«Général Li? Nous n’allons pas vous attaquer!»
– Général Li?
– J’écoute.
– C’est le général Milley. Vous et moi nous connaissons depuis cinq ans maintenant.
– Que voulez-vous dire?
– Si nous devions attaquer, je vous appellerais pour vous en avertir. Il n’y aura pas de surprise.
–…
– Nous sommes à 100% constants. Tout va bien. Mais vous savez, la démocratie peut parfois être exubérante.
Ce dialogue fictif entre les deux chefs des armées états-uniennes et chinoise s’inspirent des propos attribués au général Mark Milley par Bob Woodward et Robert Costa dans un livre à paraître ces prochains jours, intitulé «Péril». Les deux journalistes du Washington Post expliquent comment le chef de l’armée la plus puissante du monde a jugé nécessaire d’avertir à deux reprises son homologue chinois que les Etats-Unis n’avaient aucune intention d’attaquer son pays. Pourquoi le faire? Car, selon le renseignement américain, Pékin prenait très au sérieux la possibilité d’hostilités déclenchées par Donald Trump pour se maintenir à la Maison-Blanche. Le premier appel date du 30 octobre 2020, quatre jours avant l’élection présidentielle, le second du 8 janvier 2021, deux jours après la prise d’assaut du Capitole. Face à un président américain devenu totalement imprévisible, la Chine pouvait légitimement craindre d’être prise pour cible. Et le chef des armées américaines, court-circuitant la chaîne de commandement remontant au président, a cru indispensable de couper court à tout malentendu en appelant directement le général Li Zuocheng.
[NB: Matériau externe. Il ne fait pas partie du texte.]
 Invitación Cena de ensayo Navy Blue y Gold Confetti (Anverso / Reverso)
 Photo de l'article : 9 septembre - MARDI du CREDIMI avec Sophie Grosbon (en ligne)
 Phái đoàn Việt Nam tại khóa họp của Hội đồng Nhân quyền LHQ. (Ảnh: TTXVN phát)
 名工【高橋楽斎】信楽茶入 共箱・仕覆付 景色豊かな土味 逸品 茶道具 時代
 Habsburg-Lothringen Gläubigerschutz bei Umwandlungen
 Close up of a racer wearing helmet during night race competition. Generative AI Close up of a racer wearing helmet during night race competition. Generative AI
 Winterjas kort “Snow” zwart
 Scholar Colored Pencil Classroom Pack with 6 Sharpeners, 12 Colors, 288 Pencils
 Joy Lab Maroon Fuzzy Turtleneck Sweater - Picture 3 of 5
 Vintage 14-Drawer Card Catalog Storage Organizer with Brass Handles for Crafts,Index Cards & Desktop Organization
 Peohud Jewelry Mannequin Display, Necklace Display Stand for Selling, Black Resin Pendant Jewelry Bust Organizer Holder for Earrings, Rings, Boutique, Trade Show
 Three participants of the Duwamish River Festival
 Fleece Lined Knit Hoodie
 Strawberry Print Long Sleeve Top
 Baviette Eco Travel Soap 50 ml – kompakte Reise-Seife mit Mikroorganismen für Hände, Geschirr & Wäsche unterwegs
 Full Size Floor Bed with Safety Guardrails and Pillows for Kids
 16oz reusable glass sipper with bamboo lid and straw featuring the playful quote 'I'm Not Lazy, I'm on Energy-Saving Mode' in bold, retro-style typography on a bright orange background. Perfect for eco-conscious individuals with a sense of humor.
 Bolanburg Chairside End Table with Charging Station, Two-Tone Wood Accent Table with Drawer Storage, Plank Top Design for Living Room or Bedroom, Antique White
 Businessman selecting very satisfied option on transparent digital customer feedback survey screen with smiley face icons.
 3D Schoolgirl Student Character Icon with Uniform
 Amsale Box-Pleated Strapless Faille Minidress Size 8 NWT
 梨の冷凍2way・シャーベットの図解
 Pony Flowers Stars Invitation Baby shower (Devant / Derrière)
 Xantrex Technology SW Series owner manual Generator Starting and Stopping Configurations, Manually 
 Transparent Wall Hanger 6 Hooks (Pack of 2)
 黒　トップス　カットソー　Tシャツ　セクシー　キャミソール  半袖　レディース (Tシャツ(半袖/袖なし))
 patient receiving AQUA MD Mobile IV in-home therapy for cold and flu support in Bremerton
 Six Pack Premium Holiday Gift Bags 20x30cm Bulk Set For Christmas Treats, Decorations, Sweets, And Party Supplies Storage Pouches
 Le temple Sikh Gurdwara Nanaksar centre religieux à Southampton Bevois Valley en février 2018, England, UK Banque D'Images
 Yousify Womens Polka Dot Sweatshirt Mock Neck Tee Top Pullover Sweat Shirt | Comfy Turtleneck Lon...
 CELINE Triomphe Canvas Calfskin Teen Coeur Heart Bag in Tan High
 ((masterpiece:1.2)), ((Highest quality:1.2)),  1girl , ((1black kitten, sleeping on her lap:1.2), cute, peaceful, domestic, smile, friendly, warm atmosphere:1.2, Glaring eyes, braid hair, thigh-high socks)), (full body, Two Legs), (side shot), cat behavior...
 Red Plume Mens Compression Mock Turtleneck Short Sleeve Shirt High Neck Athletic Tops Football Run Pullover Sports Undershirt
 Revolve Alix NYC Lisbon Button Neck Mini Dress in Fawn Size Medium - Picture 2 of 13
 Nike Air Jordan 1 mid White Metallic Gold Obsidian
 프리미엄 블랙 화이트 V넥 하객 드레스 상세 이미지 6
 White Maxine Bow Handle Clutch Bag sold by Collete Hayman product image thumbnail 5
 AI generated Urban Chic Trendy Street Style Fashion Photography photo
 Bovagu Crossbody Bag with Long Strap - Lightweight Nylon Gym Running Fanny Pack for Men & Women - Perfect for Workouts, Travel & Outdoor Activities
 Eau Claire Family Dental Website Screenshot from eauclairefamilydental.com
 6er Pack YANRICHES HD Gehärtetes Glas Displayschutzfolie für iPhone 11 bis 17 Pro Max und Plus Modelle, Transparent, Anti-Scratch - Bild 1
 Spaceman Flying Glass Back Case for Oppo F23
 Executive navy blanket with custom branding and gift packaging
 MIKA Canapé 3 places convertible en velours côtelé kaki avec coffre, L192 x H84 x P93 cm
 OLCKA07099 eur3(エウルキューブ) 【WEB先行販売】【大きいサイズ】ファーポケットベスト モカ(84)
Absurde? Ni aux Etats-Unis ni en Chine il n’y a eu de démenti sur ces échanges. Quant au risque d’une guerre non voulue, sur la base de fausses interprétations des intentions de l’adversaire, c’est l’un des grands classiques des catastrophes de l’histoire humaine. Rappelons qu’en 1983, de l’aveu même de Mikhaïl Gorbatchev, un conflit nucléaire avait été évité de justesse alors que l’URSS pensait réellement que les EtatsUnis étaient sur le point de frapper son territoire. C’était à l’occasion d’exercices militaires américains dans un contexte de tension grandissante sous l’effet de la rhétorique de Ronald Reagan. La Chine de 2020, cible privilégiée des saillies belliqueuses de Donald Trump dans un contexte électoral pour le moins confus, pouvait elle aussi sérieusement s’inquiéter alors que des exercices de l’armée américaine avaient précisément lieu dans son voisinage.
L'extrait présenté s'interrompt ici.